Supporters reasons for voting YEA:Rep. Sarbanes: Big money warps Congress' priorities and erodes the public's trust in government. This bold new legislation returns voice and power back to
the American people:
- Empower everyday citizens to fuel Congressional campaigns by providing a My Voice Tax Credit.
- Amplify the voices of everyday Americans through a 6-to-1 match.
- Prevent Super PACs from drowning out small donor-backed candidates.
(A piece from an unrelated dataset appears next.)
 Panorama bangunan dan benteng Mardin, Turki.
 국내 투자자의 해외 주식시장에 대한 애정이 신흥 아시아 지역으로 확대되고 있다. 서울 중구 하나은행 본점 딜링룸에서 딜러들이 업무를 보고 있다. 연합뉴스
Opponents reasons for voting NAY:(Bill Moyers, Feb. 19, 2015): This citizen engagement strategy, particularly when used to court small donors, is not without its critics. Small donors, at least in the current system, often tend to be political ideologues. That trend leaves many asking: won't moving to small donors just empower extremists? Sarbanes counters, if Congress changes the political fundraising rules, they will also change the calculus for "the rational small donor who right now isn't going to give $25 because they've figured out that it's not going to matter." The prospect of a 6-to-1 match might very well impact how those less ideologically extreme potential donors think about political giving.